After the gig, an obligatory lock-in: pints were consumed, music played and stories exchanged. Ryan looked at his watch. Shit. What had felt like an hour had actually been three. He’d missed the last train home. But the panic that washed over him was soon quelled when a fellow musician thrust a small set of keys into his hands and reeled off an address.

It was the early hours when Ryan arrived outside a large brown house buried in the Georgian Quarter. Jelly-legged, he fell through its apple-red door and staggered into the basement, where a bed lay waiting. When he awoke the next day, sore-headed, Ryan crept up the stairs to piece together exactly where he was. 

Emerging onto the landing, he tripped over piles of books lining each step of a rickety white staircase.

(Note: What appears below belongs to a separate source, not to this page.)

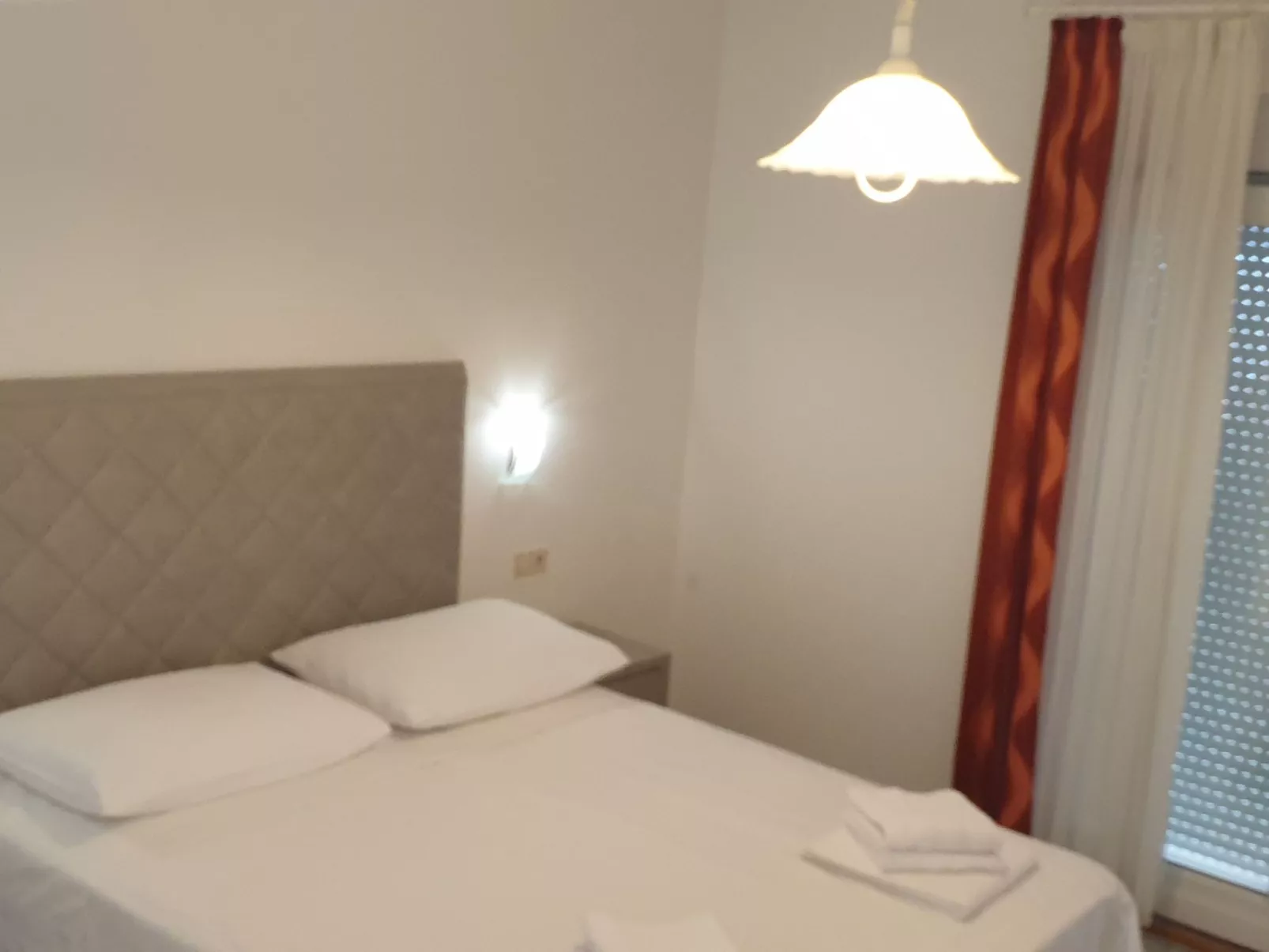 Für sechs Personen, mit einem Balkon-Binnen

Dreamcatchers dangled from the ceiling, bracelets and beads adorned the banisters, and strange fluorescent artworks were stacked in corners. Making his way into the living room, Ryan was mesmerized by the sight of hundreds of postcards, bearing postmarks from the likes of Mumbai, Mexico and Canada, plastering the walls around him. 

Some of the postcards from the Garlic. Photo: Abi Whistance/The Post

“I immediately rang my friend and was like, 'mate, I'm in this house in Liverpool and you've got to come and see it right now’,” Ryan tells me. His friend, less enthused by the bohemian heaven Ryan had stumbled into, refused to make the 30-minute Merseyrail trip.

But for Ryan, it was love at first light. He’d uncovered one of Liverpool’s best kept secrets: the Garlic Mansion.

Where this 19th century house got the moniker ‘Garlic’ from, no one is quite sure. Theories include: it was once home to a man named ‘Sam Garlik’; previous residents hosted a strange Halloween party where everyone turned up draped in the herb; the mansion is in close proximity to a patch of wild garlic. Regardless, for the past three decades its residents have been affectionately known as Liverpool’s “cloves”. 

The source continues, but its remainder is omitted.